Problem:
Retype the listing below line for line, but only from the line with "Mooi Houten Poppenhuis" down to the line with "For Samsung Galaxy", inclusive. Pictures stay out.

Data for processing START

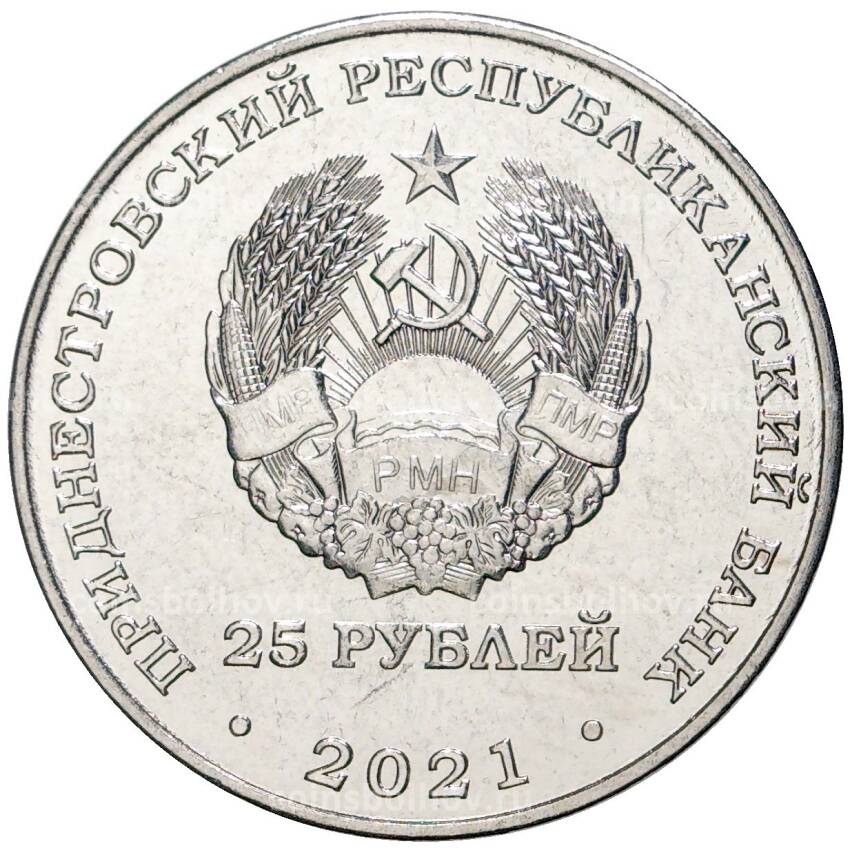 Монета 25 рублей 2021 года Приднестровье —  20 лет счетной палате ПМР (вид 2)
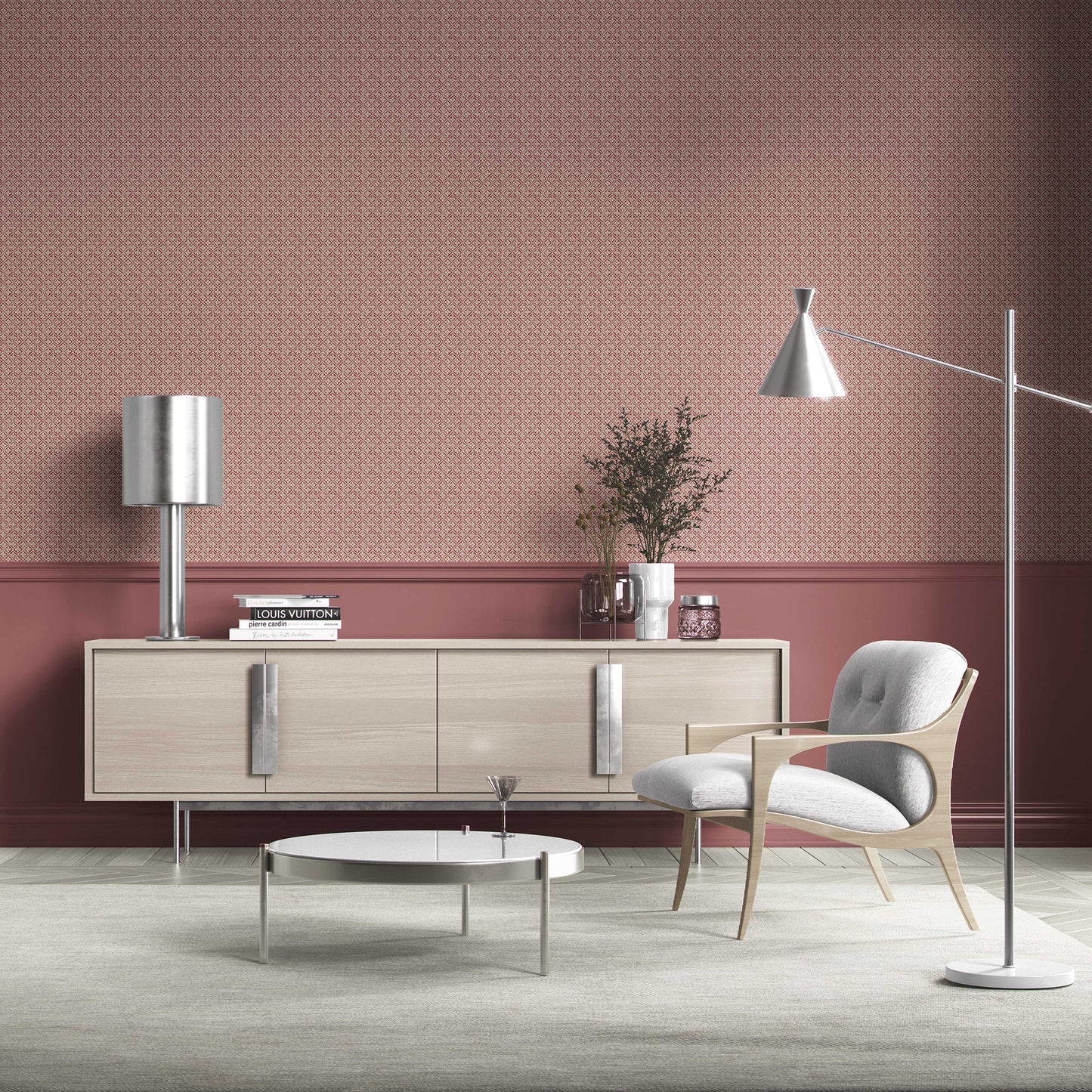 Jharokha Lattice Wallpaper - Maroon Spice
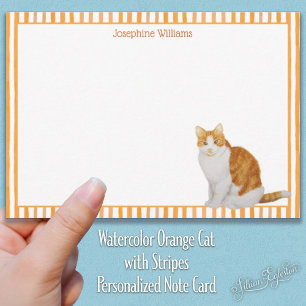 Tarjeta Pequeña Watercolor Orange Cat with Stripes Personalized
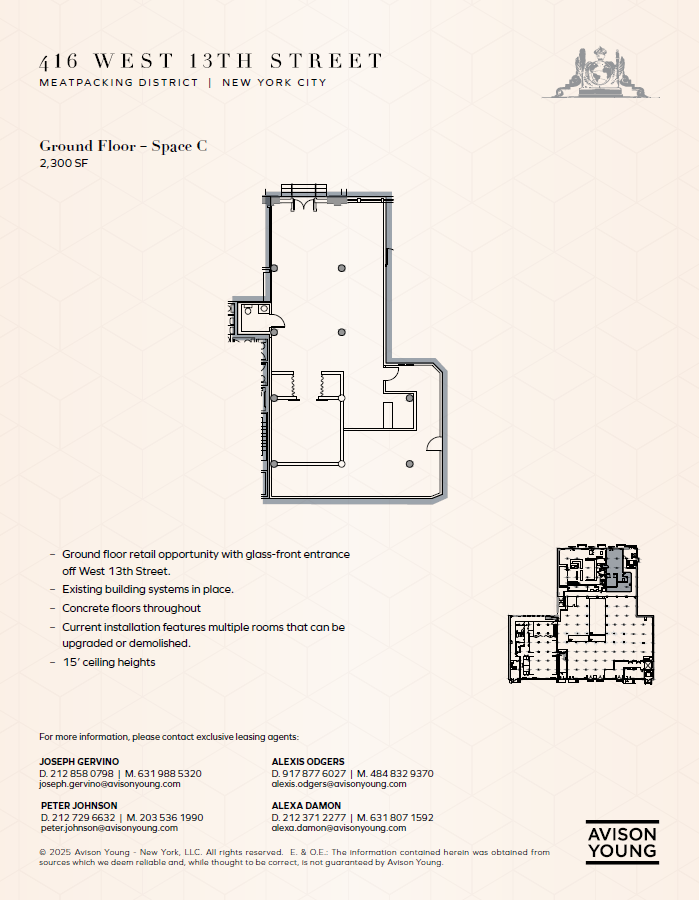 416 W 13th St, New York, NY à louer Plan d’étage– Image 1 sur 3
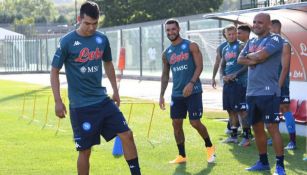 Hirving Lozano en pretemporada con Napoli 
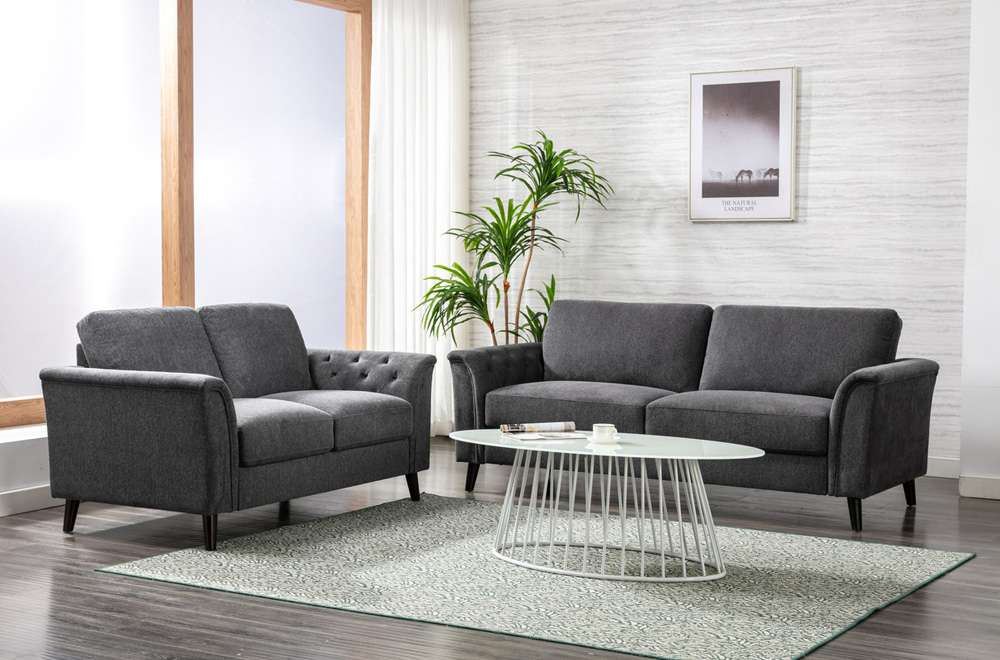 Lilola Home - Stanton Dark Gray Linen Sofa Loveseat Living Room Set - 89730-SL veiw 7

Data for processing END
Data for processing START

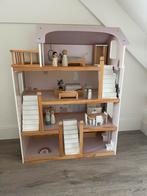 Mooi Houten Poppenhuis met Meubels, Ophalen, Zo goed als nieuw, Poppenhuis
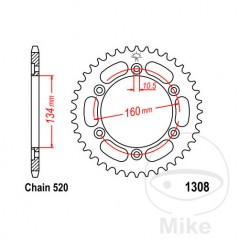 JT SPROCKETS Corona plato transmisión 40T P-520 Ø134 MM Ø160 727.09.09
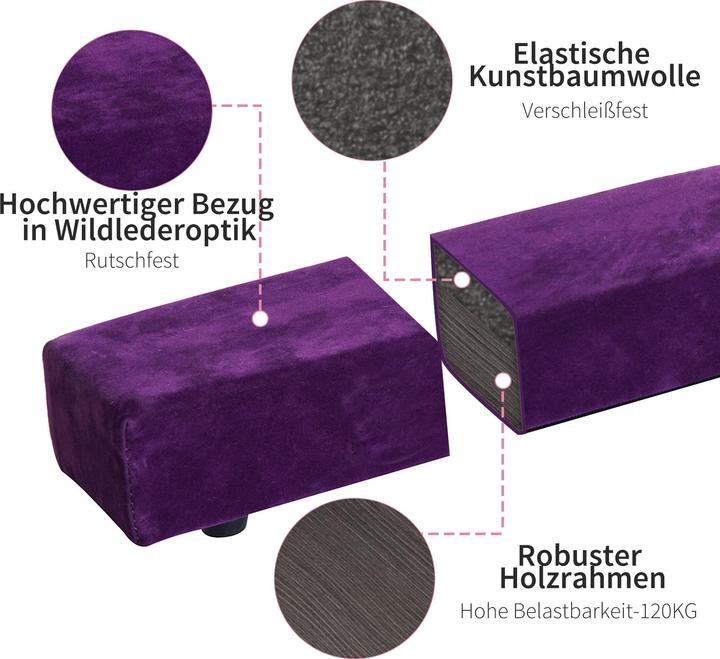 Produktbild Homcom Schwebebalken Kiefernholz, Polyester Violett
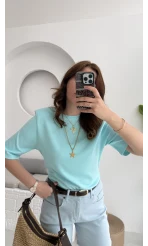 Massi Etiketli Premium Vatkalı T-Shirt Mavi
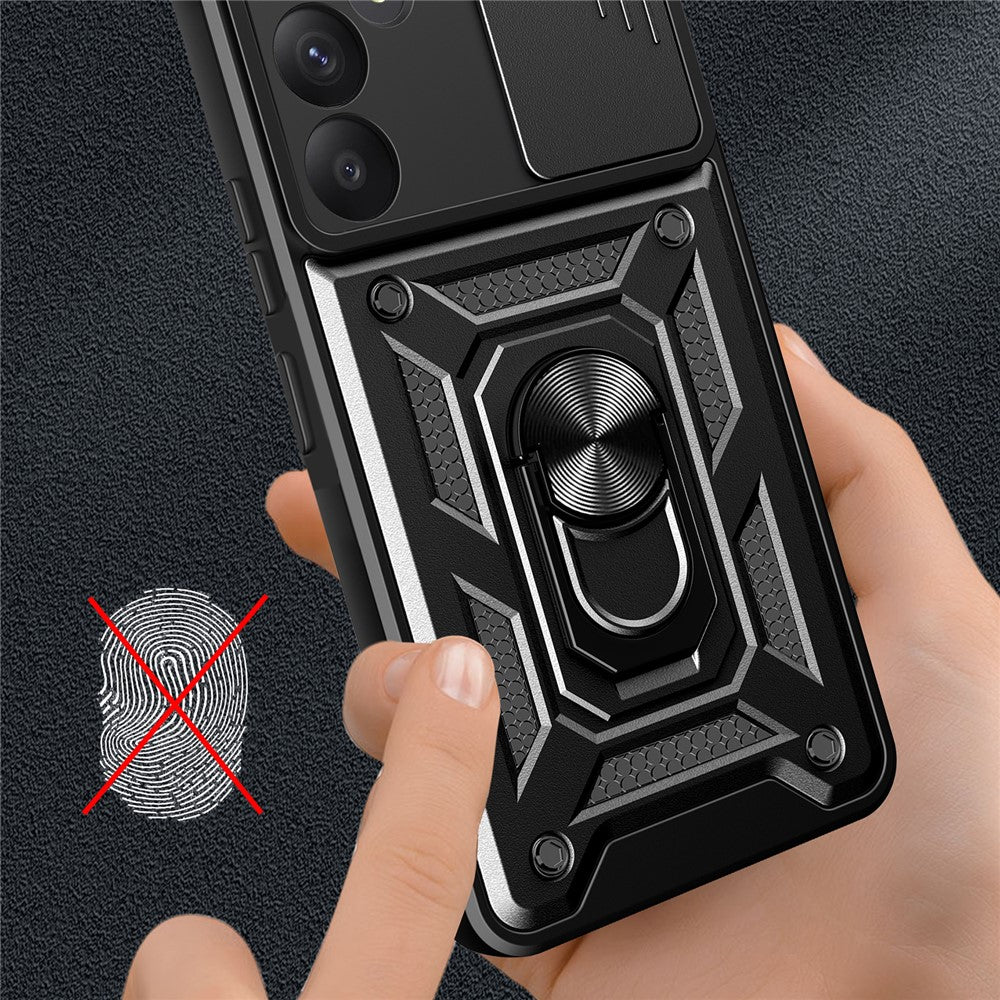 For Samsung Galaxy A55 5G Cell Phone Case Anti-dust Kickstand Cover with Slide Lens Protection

Data for processing END
Data for processing START

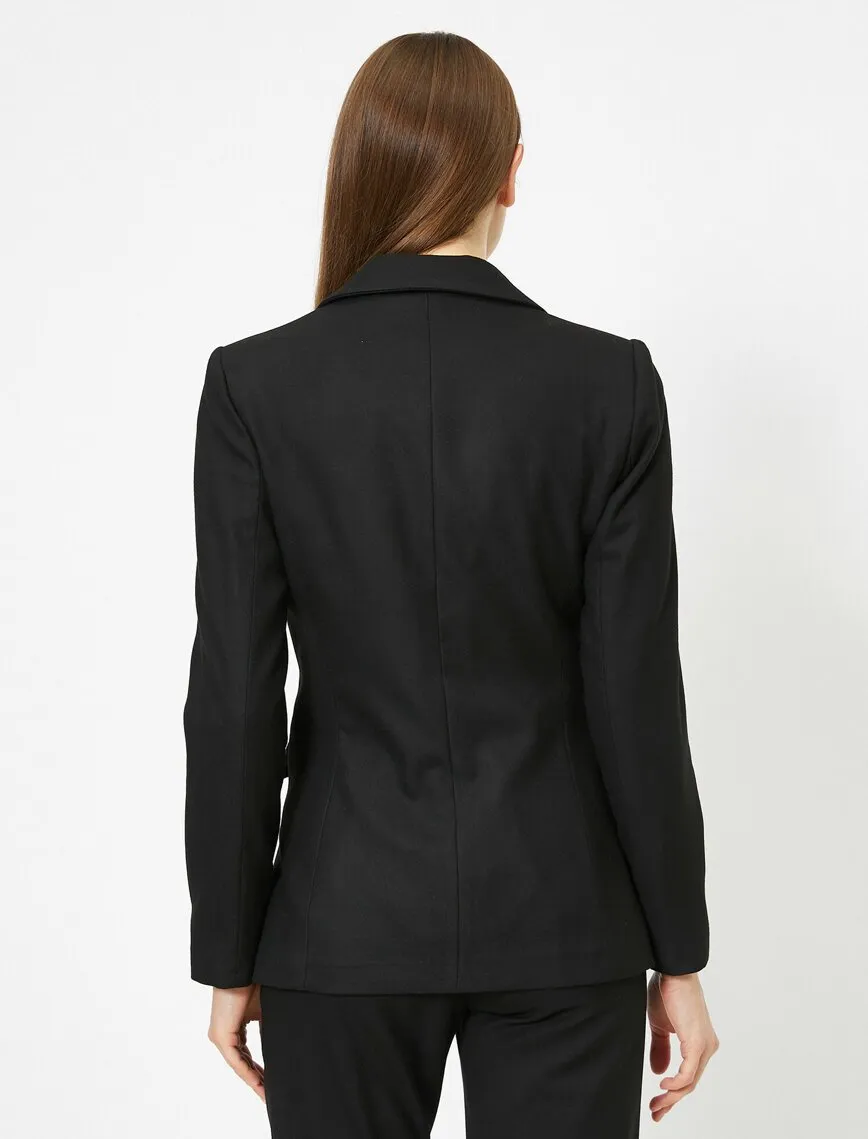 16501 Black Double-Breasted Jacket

Data for processing END

Output of the task:
 Mooi Houten Poppenhuis met Meubels, Ophalen, Zo goed als nieuw, Poppenhuis
 JT SPROCKETS Corona plato transmisión 40T P-520 Ø134 MM Ø160 727.09.09
 Produktbild Homcom Schwebebalken Kiefernholz, Polyester Violett
 Massi Etiketli Premium Vatkalı T-Shirt Mavi
 For Samsung Galaxy A55 5G Cell Phone Case Anti-dust Kickstand Cover with Slide Lens Protection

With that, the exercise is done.